### EXERCISE BRIEF
When you reach the line with "Belly Dance Waist" in the data below, begin printing lines exactly, and stop once the line with "TRAF High Waist" has been printed.

### THE DATA
========================================
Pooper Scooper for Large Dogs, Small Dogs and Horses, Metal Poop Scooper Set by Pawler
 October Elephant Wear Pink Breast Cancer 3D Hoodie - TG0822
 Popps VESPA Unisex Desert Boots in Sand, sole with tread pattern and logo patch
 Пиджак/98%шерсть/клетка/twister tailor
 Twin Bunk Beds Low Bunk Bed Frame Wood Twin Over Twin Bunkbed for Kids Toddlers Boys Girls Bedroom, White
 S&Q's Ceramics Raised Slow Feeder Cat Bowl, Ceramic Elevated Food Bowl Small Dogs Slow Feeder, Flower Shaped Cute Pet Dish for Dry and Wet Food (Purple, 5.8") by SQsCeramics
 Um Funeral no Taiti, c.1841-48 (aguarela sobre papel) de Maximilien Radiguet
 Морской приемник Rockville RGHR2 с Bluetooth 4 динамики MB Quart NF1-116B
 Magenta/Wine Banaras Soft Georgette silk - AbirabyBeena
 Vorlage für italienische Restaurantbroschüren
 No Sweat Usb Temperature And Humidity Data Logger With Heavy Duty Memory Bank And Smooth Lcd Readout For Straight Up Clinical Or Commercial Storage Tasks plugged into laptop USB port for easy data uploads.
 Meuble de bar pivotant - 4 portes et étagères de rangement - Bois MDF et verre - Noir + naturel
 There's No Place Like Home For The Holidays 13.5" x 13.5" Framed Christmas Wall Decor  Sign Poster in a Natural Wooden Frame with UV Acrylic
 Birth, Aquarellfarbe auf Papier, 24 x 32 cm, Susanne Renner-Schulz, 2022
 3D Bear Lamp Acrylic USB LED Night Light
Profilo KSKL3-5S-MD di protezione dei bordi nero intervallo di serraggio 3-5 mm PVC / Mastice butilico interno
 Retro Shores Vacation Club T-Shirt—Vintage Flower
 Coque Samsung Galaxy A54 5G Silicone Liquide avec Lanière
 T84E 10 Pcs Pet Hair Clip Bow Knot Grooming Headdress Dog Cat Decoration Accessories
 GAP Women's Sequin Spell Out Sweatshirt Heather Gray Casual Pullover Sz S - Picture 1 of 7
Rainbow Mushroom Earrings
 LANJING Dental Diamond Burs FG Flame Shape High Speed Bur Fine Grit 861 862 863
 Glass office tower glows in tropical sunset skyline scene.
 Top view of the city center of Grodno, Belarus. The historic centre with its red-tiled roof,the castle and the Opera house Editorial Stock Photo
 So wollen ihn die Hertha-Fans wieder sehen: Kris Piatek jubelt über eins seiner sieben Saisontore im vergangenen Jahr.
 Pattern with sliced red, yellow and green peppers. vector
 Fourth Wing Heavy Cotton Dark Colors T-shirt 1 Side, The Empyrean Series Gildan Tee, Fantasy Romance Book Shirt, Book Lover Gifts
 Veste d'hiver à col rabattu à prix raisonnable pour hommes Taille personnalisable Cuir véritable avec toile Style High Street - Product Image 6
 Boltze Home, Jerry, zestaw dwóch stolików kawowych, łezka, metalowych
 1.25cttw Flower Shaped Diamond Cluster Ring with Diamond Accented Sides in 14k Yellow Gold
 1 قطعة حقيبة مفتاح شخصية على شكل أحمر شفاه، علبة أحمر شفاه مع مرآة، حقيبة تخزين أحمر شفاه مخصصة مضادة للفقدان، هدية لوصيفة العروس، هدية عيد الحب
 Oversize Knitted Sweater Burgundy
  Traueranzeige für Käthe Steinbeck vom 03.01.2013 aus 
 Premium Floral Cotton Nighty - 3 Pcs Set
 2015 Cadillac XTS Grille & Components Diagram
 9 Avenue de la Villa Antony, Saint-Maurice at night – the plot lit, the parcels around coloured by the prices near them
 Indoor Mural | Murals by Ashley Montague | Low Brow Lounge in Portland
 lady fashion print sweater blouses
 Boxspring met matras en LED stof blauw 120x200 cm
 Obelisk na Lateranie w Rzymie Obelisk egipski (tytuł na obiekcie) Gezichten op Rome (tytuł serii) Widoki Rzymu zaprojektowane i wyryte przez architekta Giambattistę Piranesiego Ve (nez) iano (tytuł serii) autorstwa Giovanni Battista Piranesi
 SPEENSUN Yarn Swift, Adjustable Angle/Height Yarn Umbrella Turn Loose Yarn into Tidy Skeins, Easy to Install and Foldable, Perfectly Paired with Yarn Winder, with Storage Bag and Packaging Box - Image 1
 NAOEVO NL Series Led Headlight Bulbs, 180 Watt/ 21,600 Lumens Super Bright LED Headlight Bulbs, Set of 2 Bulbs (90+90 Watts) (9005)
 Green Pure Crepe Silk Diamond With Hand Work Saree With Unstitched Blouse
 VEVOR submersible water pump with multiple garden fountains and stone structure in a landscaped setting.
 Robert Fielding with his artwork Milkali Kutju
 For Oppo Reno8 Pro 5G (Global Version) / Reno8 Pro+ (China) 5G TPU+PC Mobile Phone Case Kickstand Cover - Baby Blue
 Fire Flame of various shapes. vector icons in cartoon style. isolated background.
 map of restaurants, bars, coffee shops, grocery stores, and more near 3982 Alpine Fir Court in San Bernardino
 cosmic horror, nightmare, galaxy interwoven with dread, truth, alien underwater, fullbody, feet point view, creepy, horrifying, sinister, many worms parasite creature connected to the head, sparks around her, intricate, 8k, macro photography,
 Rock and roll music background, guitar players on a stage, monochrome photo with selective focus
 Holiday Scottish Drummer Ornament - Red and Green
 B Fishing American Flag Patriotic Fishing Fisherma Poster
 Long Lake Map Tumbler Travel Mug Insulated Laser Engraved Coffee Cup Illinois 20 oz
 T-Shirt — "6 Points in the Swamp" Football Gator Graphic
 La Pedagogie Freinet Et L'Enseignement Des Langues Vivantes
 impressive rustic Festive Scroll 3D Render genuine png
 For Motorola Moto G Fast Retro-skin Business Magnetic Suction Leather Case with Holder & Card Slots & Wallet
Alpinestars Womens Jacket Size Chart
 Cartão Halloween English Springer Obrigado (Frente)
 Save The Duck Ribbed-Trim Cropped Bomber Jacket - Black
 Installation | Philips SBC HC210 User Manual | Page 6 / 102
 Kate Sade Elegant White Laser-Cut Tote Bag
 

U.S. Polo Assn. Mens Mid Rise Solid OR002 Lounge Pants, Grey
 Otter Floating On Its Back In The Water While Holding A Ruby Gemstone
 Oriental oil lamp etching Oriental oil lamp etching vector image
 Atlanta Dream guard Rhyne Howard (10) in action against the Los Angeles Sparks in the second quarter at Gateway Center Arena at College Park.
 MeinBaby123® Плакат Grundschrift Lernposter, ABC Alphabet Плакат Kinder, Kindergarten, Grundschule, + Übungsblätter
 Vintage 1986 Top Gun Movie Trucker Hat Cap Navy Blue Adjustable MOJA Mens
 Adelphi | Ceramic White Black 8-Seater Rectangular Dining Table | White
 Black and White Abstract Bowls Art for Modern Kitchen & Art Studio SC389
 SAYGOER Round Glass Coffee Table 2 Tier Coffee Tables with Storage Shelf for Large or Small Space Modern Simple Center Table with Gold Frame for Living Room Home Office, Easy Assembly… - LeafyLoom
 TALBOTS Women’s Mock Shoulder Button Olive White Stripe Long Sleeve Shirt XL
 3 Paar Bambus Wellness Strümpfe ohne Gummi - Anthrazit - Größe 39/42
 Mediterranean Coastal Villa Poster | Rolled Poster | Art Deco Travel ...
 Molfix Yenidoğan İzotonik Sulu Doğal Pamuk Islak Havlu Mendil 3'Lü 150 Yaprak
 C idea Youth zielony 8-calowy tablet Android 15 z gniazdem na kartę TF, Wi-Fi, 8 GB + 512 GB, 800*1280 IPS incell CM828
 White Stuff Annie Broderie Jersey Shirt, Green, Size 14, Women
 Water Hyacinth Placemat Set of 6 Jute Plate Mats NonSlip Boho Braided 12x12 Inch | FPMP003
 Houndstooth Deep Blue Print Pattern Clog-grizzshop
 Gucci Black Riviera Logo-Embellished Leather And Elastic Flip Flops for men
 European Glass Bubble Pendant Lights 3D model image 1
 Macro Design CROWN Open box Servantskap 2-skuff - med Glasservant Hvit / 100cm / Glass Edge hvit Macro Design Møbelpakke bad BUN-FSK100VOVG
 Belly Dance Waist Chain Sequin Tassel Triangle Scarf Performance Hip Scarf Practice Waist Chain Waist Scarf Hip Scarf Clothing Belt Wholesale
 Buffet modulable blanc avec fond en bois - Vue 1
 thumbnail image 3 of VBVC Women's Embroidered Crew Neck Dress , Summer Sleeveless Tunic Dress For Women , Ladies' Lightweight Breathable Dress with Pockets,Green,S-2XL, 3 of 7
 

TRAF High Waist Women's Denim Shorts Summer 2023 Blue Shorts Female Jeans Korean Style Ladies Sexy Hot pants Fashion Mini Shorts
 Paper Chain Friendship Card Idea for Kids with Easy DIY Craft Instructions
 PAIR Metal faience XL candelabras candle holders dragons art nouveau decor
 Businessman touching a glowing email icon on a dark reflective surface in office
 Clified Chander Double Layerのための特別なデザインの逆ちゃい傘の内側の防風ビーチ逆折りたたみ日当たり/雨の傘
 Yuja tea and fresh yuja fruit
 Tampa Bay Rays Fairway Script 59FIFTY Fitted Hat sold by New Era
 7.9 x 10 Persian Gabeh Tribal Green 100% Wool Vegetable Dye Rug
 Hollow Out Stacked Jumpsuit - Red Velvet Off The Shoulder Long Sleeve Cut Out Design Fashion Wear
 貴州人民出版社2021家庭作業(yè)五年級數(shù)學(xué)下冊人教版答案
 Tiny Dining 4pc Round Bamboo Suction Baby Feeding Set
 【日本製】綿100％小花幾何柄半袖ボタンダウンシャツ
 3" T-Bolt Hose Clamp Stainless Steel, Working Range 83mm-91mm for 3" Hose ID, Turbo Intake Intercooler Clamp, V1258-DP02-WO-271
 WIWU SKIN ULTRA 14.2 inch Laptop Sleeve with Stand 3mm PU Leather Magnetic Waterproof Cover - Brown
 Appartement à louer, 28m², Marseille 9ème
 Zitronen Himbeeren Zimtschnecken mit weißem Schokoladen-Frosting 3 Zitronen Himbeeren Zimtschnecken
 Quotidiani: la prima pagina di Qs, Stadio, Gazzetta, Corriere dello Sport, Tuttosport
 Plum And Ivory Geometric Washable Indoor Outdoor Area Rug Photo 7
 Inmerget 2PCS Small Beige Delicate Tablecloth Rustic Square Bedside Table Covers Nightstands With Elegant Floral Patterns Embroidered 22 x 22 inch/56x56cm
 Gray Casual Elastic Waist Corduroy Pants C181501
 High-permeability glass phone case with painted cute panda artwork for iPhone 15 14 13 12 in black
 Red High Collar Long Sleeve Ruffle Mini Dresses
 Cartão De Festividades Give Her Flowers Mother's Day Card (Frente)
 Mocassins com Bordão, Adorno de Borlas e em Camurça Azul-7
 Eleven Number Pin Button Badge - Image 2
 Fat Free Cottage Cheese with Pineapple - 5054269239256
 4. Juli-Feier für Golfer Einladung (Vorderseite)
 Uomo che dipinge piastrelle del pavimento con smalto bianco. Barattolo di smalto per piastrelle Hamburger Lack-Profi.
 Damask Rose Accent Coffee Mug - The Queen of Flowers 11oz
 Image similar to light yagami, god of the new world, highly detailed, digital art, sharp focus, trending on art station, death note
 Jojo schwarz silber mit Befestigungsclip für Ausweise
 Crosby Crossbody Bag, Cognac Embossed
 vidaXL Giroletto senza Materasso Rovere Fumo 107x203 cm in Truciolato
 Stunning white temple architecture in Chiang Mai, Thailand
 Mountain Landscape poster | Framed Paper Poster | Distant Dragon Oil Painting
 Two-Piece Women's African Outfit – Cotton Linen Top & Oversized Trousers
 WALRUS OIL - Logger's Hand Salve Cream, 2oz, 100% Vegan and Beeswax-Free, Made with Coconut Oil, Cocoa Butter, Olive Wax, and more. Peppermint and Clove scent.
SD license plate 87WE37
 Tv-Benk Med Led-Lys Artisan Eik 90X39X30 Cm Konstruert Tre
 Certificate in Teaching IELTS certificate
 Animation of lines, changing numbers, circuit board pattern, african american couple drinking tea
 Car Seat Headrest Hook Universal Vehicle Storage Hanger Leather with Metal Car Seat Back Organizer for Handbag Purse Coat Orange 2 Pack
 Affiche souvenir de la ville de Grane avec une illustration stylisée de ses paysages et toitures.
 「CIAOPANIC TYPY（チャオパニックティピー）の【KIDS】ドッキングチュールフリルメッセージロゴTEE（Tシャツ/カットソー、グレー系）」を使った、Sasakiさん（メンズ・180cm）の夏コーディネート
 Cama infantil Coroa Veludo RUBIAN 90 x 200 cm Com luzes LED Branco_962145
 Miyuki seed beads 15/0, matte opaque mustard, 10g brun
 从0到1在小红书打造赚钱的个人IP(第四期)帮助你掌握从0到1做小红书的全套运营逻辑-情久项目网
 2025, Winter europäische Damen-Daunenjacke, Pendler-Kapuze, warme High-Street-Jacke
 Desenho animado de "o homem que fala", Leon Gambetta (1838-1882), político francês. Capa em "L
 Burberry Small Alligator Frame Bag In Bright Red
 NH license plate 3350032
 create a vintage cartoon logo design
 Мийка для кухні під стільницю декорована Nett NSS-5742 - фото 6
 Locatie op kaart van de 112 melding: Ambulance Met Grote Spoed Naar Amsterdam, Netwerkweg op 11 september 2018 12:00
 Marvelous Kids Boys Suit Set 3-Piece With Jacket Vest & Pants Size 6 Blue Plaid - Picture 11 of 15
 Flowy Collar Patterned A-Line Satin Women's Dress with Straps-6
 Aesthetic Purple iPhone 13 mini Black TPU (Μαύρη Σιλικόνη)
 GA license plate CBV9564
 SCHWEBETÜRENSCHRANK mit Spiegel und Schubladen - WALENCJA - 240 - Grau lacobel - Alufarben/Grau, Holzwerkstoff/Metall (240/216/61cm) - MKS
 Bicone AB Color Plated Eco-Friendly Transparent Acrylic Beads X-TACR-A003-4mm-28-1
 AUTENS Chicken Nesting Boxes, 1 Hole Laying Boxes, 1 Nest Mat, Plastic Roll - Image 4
========================================
### WRITTEN SOLUTION
 Belly Dance Waist Chain Sequin Tassel Triangle Scarf Performance Hip Scarf Practice Waist Chain Waist Scarf Hip Scarf Clothing Belt Wholesale
 Buffet modulable blanc avec fond en bois - Vue 1
 thumbnail image 3 of VBVC Women's Embroidered Crew Neck Dress , Summer Sleeveless Tunic Dress For Women , Ladies' Lightweight Breathable Dress with Pockets,Green,S-2XL, 3 of 7
 

TRAF High Waist Women's Denim Shorts Summer 2023 Blue Shorts Female Jeans Korean Style Ladies Sexy Hot pants Fashion Mini Shorts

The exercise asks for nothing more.